Uscire la mattina, andare a lavorare, timbrare il cartellino…tutto era diventato insopportabile. Non ne comprendevo il senso, la mia anima anarchica venne fuori e mi riportò ai miei vissuti adolescenziali, quando mi sentivo oltre il meccanismo e non volevo entrarci: lavorare, pagare l’affitto e le bollette, lavorare, pagare le rate della macchina e fare una gita fuori porta, lavorare, scopare, lavorare. Non ci volevo entrare dentro il meccanismo. Erano parti della mia persona che, ingenuamente, credevo di avere educato attraverso uno sforzo di disciplina, accettare gli orari, accettare le gerarchie, accettare le regole di un mondo che non comprendevo”.

E in questi pensieri c’è tutto Schembri uomo.

Per finire dobbiamo parlare della prosa che, come detto, è pulita e scorrevole, ma la parlata è quella comune che non si usa nei libri.

Schembri fa parlare i suoi personaggi senza infingimenti, come parlano tra loro per cui abbondano gli organi mascolini. Avrebbe potuto farne a meno? Probabilmente sì. Però Schembri dice che i giovani, tra loro, usano questo linguaggio che io chiamo “grasso” e lui non si sente di mettere loro in bocca un altro linguaggio letterario che non usano.

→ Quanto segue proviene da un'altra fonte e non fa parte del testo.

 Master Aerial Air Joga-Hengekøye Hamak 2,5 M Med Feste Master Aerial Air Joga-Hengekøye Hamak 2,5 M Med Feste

Bisogna apprezzare la schiettezza e la verità come quando la prostituta Isola propone al suo cliente non un atto di amore normale ma la fellatio.

Bella la postfazione di Beatrice Manroj e la copertina che indica il giovane Sciascia con la bocca cucita.

Con questo libro Renato Schemori supera la prova del fuoco e comincia a diventare scrittore a tutto tondo sia per le cose raccontate sia per lo stile usato anche se molto spesso è irriverente.

E’ dura e lunga la strada dello scrivere e Schembri si trova incamminato di buona lena sulla strada giusta.